SAN DIEGO, Calif (KGTV) - In an effort to calm people's fears about new streetlights equipped with cameras and sensors, the City of San Diego will hold a public forum Wednesday night to answer questions and explain what the new technology does, and does not do.
The meeting is from 5:30 to 7 pm, at the Malcom X Library on 5148 Market Street.
Over the last two years, the city has installed more than 3,000 new streetlights that have "Smart City" technology built into them. The lights have cameras, microphones and sensors to track activity around them throughout the day.
RELATED: "Smart" Streetlights coming to San Diego
"Pedestrians walking by, cars parking and then leaving, cars traveling by, which direction, how fast," explains Cody Hooven, the City of San Diego's Chief Sustainability Officer.
It will also track weather information in real time.

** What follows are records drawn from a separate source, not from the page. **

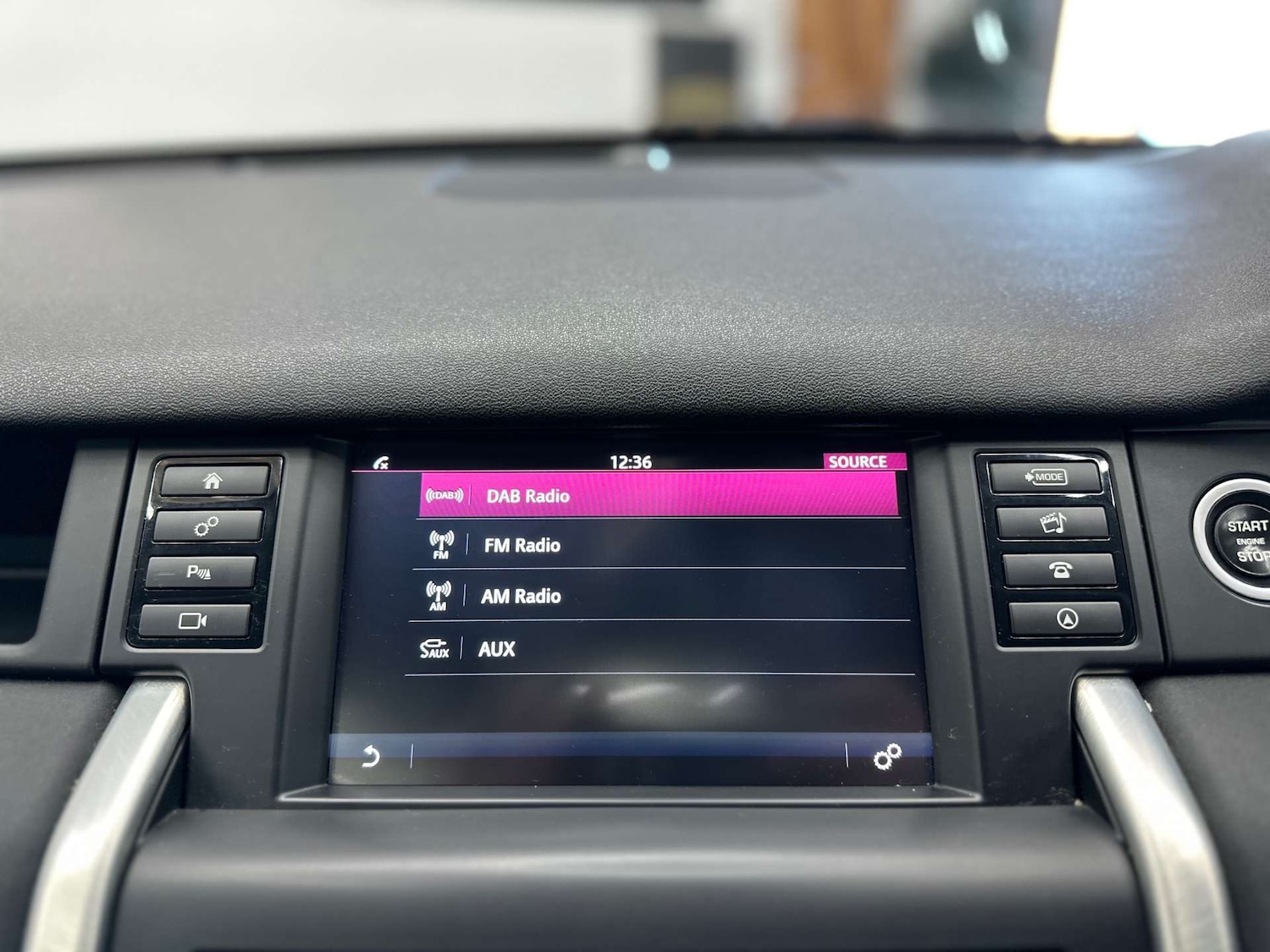 Used Land Rover Discovery Sport 2017 for sale - 77312202: Photo 25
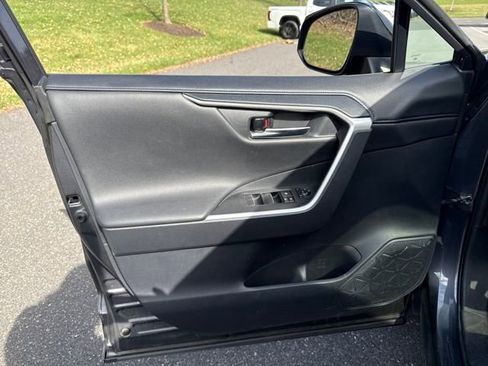 Used 2019 Toyota RAV4 XSE w/ Carpet Mat Package image 24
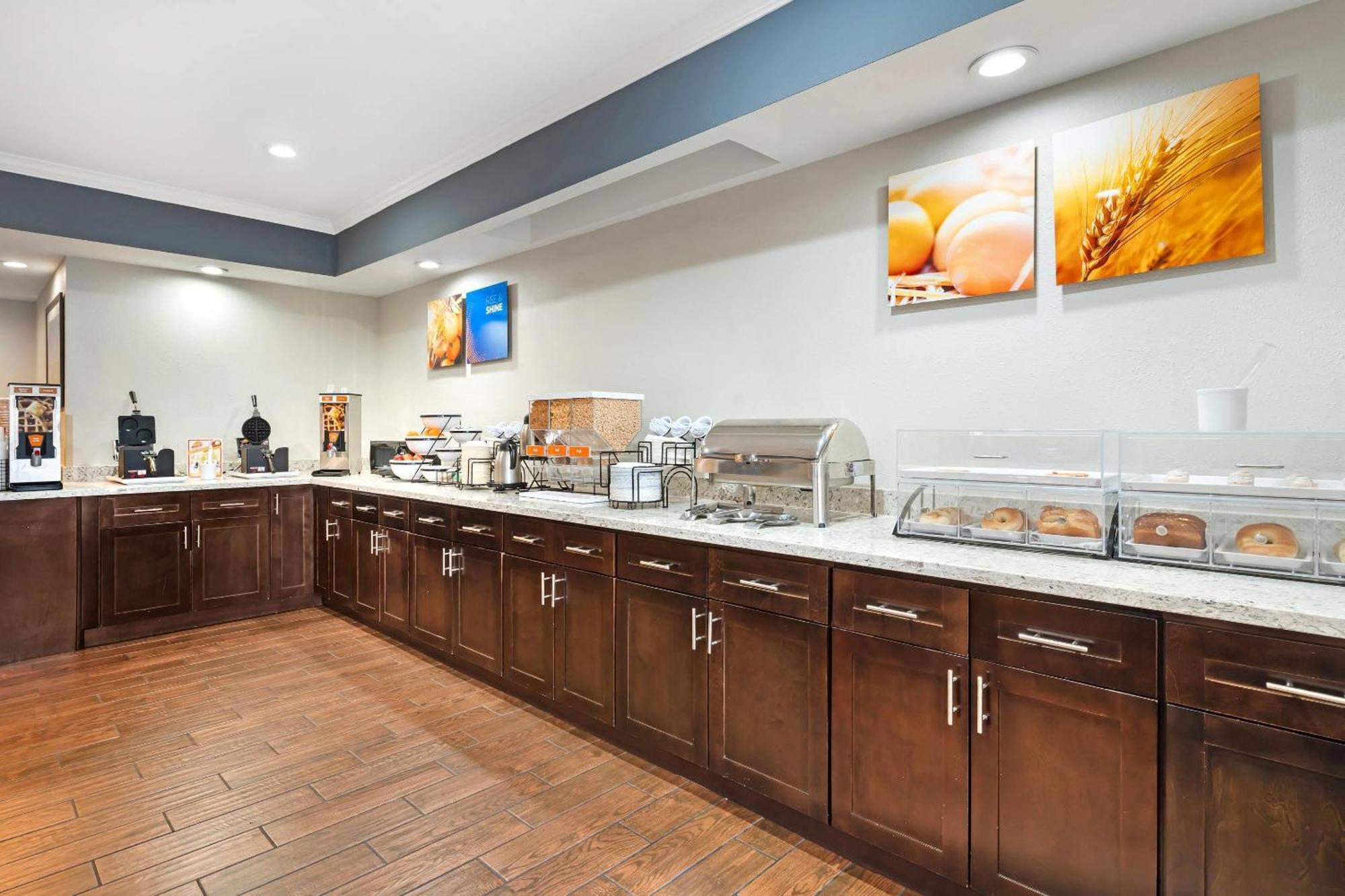 Comfort Inn & Suites Sacramento - University Area Екстер'єр фото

That information is turned into meta-data and uploaded to the cloud. According to the city, it can be used for research or to build apps to make life easier. The goal is to turn San Diego into a "Smart City."
Examples the city uses describe apps that can tell people when a parking spot opens up, or one that will gauge how many people pass by a certain spot every day.
But critics worry about the privacy concerns of having thousands of government-controlled cameras around town.
RELATED: Thousands of Streetlights to get "Smart" tech by the end of August
Hooven says the cameras are only used to gather the information. The footage from the cameras isn't accessible to the public, and the cameras are not for surveillance. Also, the footage will only be stored on the camera for 5 days and then deleted.
Police may only ask for footage after a crime is committed, and only as part of an investigation. According to the city, the footage has already been used to help SDPD solve a handful of crimes.
Hooven also says the cameras will use GPS technology to ensure they only get footage of public spaces, and not areas that are expected to be private. The system uses a process called "curtilage" to blur any areas that shouldn't be shown.
Hooven says the city is ready to answer any other questions people have about the new lights at Wednesday's meeting.
"Technology is coming and we're trying to embrace it to provide a lot of benefits to the city and save us money," she says. "But we need to have these conversations about data privacy to make sure that our citizens and our community is comfortable with how we're using the information."